Problem details =>
What is needed is an exact repetition of the lines from the first one in the data through the line with "SELTENE GESTE IN", with no pictures.

[Captioned web image data]
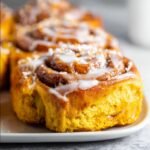 Homemade pumpkin cinnamon rolls topped with cream cheese glaze, showing golden-orange dough swirls and gooey spiced filling on a white plate.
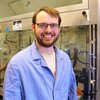 Andrew Zahrt stands in a blue lab coat in a chemistry lab with equipment in the background.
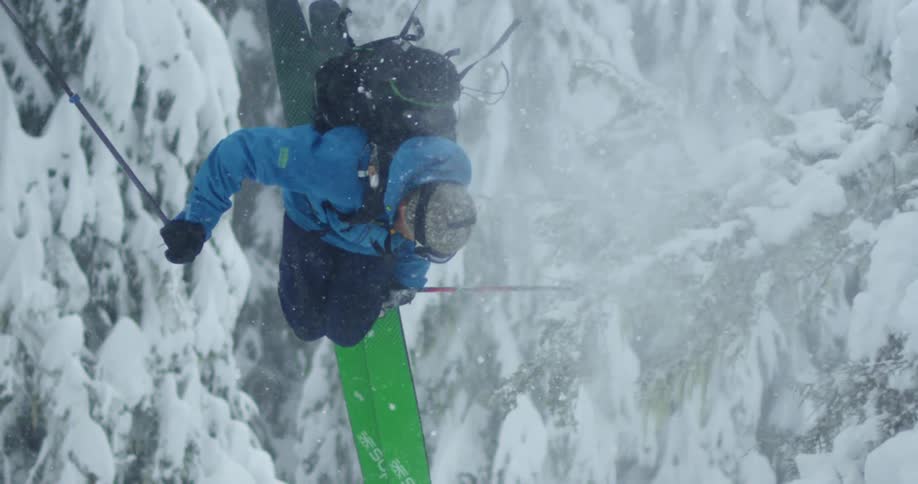 A skier spins through our view, in the forest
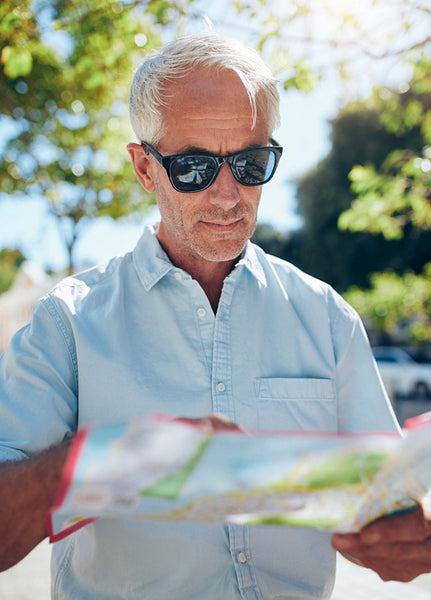 Senior tourist looking at city map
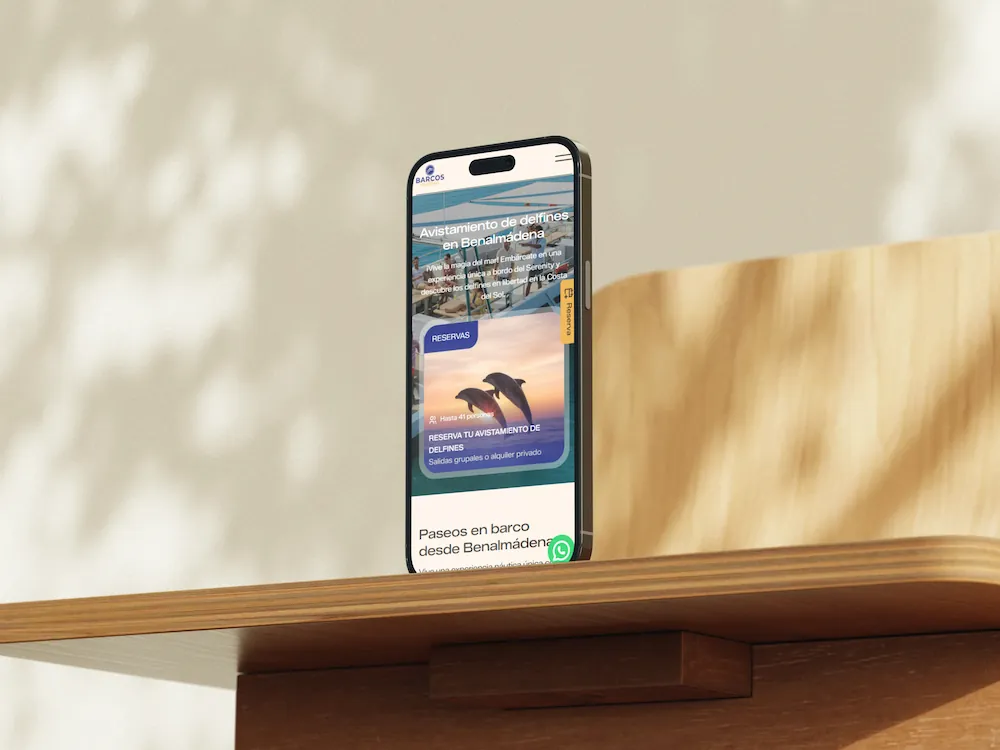iPhone 17 apoyado sobre una tabla de madera mostrando la web de Barcos Málaga
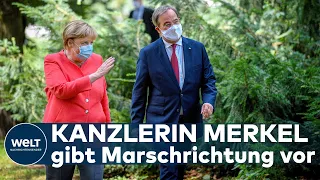 SELTENE GESTE IN NRW: Merkel stärkt Laschet - Keine weiteren Corona-Lockerungen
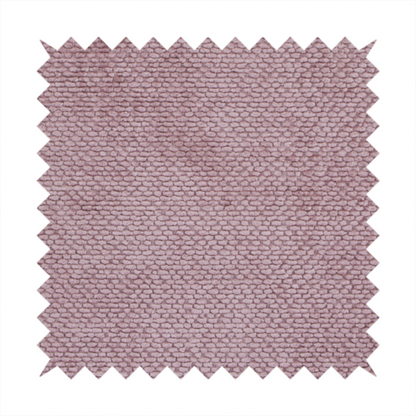 A muted, dusty rose or soft mauve upholstery fabric. It maintains the signature dense, uniform, boucle-style weave seen in the previous samples, featuring small, looped, and nubby yarn fibres that create a soft and tactile surface.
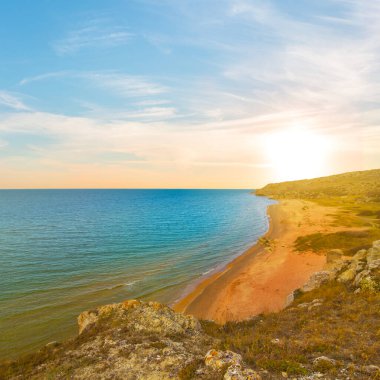 Kumlu deniz koyunda dramatik günbatımında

Result of the exercise =>
 Homemade pumpkin cinnamon rolls topped with cream cheese glaze, showing golden-orange dough swirls and gooey spiced filling on a white plate.
 Andrew Zahrt stands in a blue lab coat in a chemistry lab with equipment in the background.
 A skier spins through our view, in the forest
 Senior tourist looking at city map
iPhone 17 apoyado sobre una tabla de madera mostrando la web de Barcos Málaga
 SELTENE GESTE IN NRW: Merkel stärkt Laschet - Keine weiteren Corona-Lockerungen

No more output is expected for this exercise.